Asimov's stories are likewise not just detective stories set in space. The setting allows examination of scientific questions about psychohistory (mathematical physics), psychic powers, the rise and fall of cultures, the ethics/morality of human/robotic relations, and so forth.
If you took a story that is not considered science-fiction, e.g. Wuthering Heights, and changed the setting to another planet, but did not change anything else, would that be then science-fiction? My answer would be that the story would not be published, because it doesn't make any sense for the setting to be another planet and have that unrelated to the story. If you did change it, so that the story made use of the setting, then it is science-fiction, but that's no longer only because of the setting.
Remember that genre are not mutually exclusive.

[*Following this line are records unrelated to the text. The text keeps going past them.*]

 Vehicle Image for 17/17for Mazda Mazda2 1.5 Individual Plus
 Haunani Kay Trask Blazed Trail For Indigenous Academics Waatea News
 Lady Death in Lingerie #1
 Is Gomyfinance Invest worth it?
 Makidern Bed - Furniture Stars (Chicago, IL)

A story might be a romance, or a comedy, or a romantic comedy, just like a story might be a detective story, science-fiction, or a scifi detective story.

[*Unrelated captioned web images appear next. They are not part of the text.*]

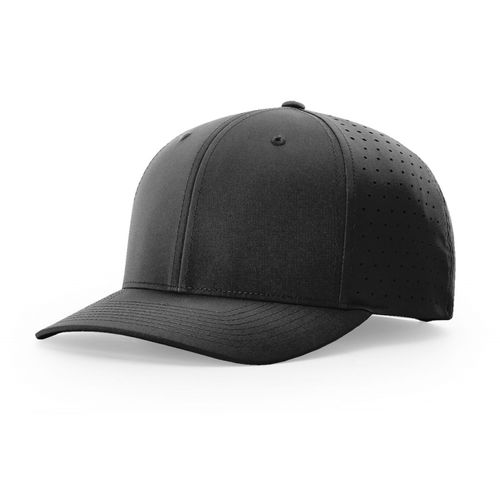 Richardson Performance Fit Snapback Cap image thumbnail
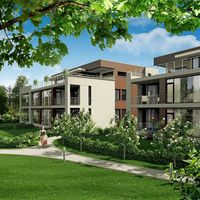 Flat in Latvia, Riga, 128 sq.m.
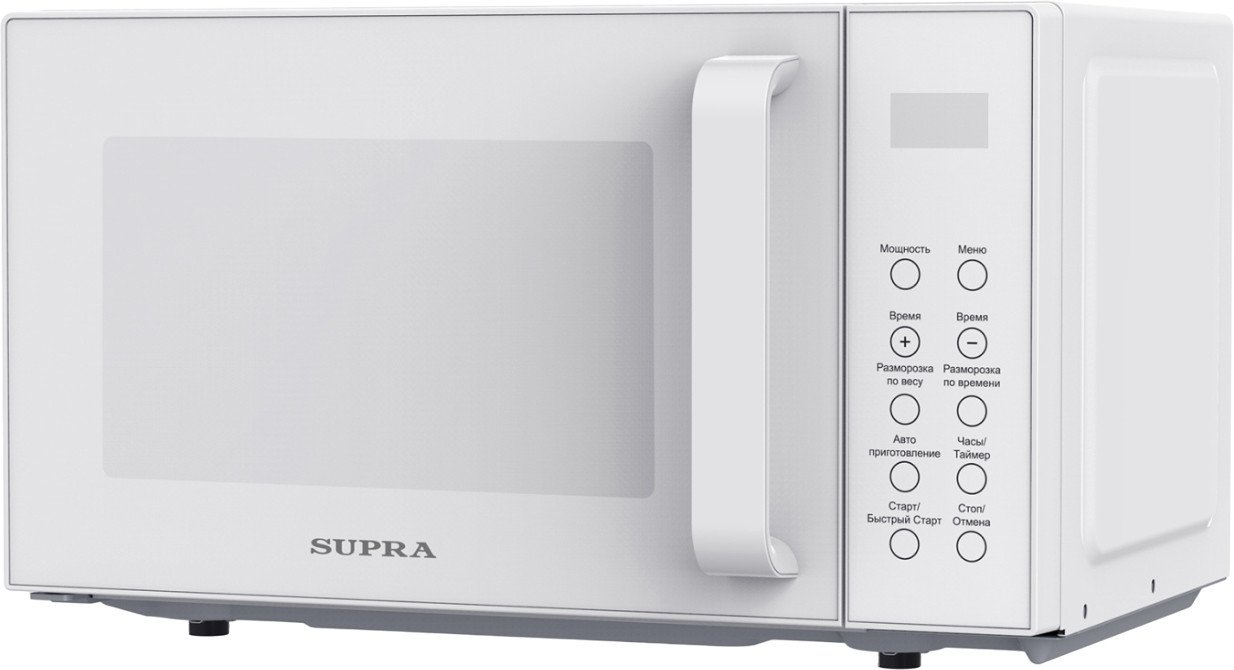 

Микроволновая печь Supra 20SW27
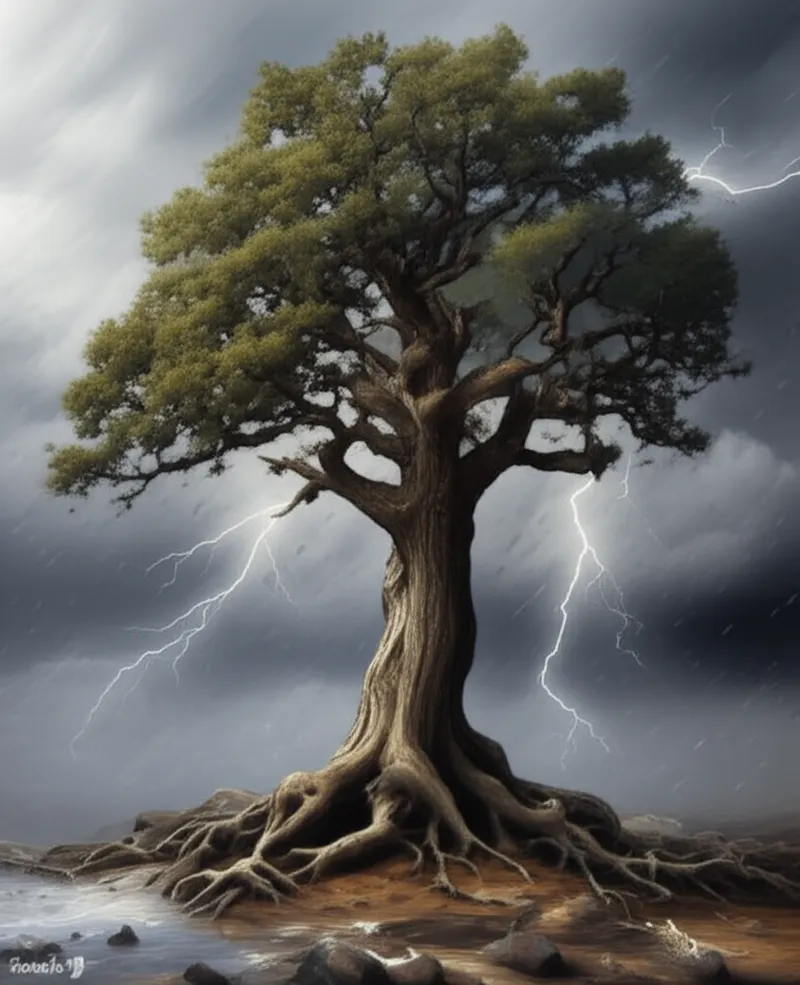 Ilustración visual de la palabra "during" - Durar, perdurar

Among his 300+ books, Asimov wrote several that were "only' detective/mystery stories and not SF in any way.
Then there is the entire "alternate history" sub-genre of SF, like Flint's 1632 series or Turtledove's World War (how does Earth cope with an invasion of alien lizards in the course of WWII?)
And famously to the annoyance of fen, there are authors, like Margaret Atwood, who refuse to admit they write SF.
OT, but the first time I read Jane Eyre, I read it as SF, because at 10 y.o. I could not imagine a world without electricity. Worked for me, but I still preferred "Have Spacesuit, Will Travel".
I like the term "speculative fiction" which says that if the story postulates a currently impossible situation (terraforming in a new star system, lizard invasion, fundementalist religion combined with endemic infertility, whatever) and works from there, then we have speculative fiction.
And of course, there is always the problem that all SF is so rooted in the time it was written, that it dates more quickly than "mainstream" fiction.